Mentre Conte tenta di ricucire il dialogo con l'opposizione, il M5s guarda con sospetto all'ipotesi caldeggiata dal Pd. E sullo sfondo restano i nodi legati al dl liquidità e al decreto scuola.

La task force sulle riaperture già divide il governo

Il dl liquidità, il decreto scuola, l’estensione del golden power annunciata da Riccardo Fraccaro. Le prossime ore porteranno queste tre novità nell’azione anti-virus del premier Giuseppe Conte. La strada, però, resta in salita. E se da un lato il governo sembra imboccare la via di un pur non facile dialogo con le opposizioni, lo spettro di nuove tensioni, anche nella maggioranza, si affaccia sull’ipotesi di una task force sulle riaperture. Con, sullo sfondo, quell’Eurogruppo di martedì dove è tutt’altro scongiurata la possibilità che sul tavolo finisca l’utilizzo del Mes. E il M5s già fibrilla.

LA RIUNIONE RISCHIA DI SLITTARE OLTRE IL WEEKKEND

Nel governo è partita la corsa contro il tempo per arrivare al Cdm già domenica sera. Ma il dl liquidità non è pronto ed è possibile quindi che la riunione slitti a lunedì. È su questo decreto che persistono ancora spigolature tecniche e politiche. Innanzitutto sull’entità della garanzia statale per i prestiti bancari alle aziende. Iv chiede una garanzia al 100%, trovando sulla stessa linea anche il M5s. Ma il titolare del Mef Roberto Gualtieri frena e in serata spiega: «La garanzia sarà al 100% per i prestiti fino a 800 mila e aumenteremo al 90% per i prestiti fino al 25% del fatturato». La differenza è sensibile. Una garanzia al 90% non esonera le banche dalle procedure di verifica delle solvibilità tipiche dell’erogazione dei prestiti, rischiando di ritardare l’erogazione della liquidità. Altro tema aperto è come garantire i prestiti.

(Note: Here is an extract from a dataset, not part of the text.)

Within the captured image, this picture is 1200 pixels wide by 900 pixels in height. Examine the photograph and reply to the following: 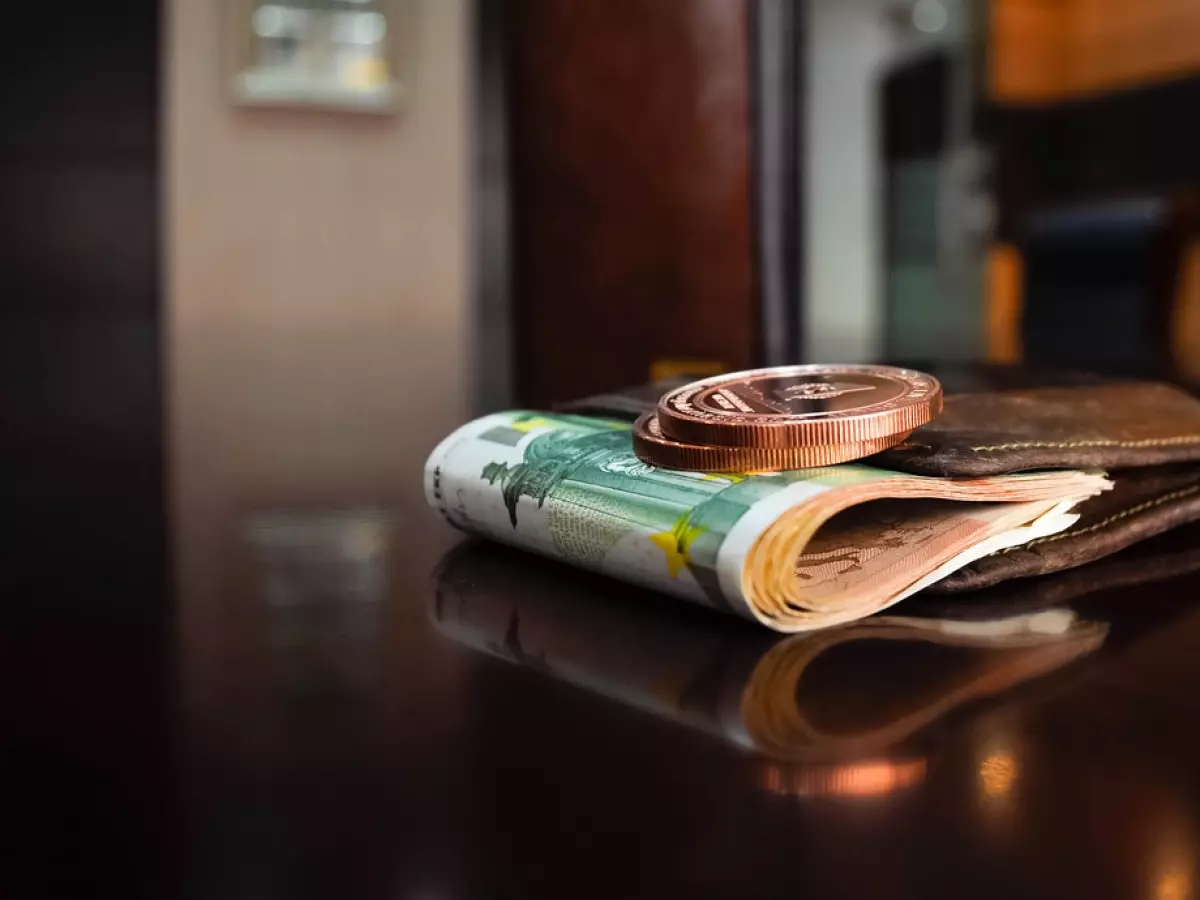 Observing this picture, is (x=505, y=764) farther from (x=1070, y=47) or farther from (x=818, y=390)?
(x=1070, y=47)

LA TASK FORCE NON PIACE AL M5S

Il M5s spinge perché le garanzie arrivino attraverso Cassa depositi e prestiti. Ma nel Mef si è fatta spazio l’idea di usare Sace, controllata Cdp che, a quel punto, verrebbe trasferita direttamente sotto l’egida di via XX settembre. Idea che, al Movimento, proprio non piace. Così come i Cinque stelle guardano con un certo scetticismo all’istituzione di quella task force sulle aperture caldeggiata da giorni dal Pd. «Dovrà essere fatta da gente che sa costa sta accadendo, professionisti, imprenditori. Non serve l’accademia», avverte Vito Crimi. «Serve in tempi rapidi una cabina di regia con scienziati, amministratori, categorie. Bisogna coinvolgere tutti», rilancia il capogruppo dem Andrea Marcucci. Conte, spiegano fonti di governo, ha dato piena disponibilità ad una condivisione delle scelte sulla ripresa. Ma, più che di cabina di regia in senso istituzionale, a Palazzo Chigi preferiscono parlare di “raccordo” con i principali attori coinvolti.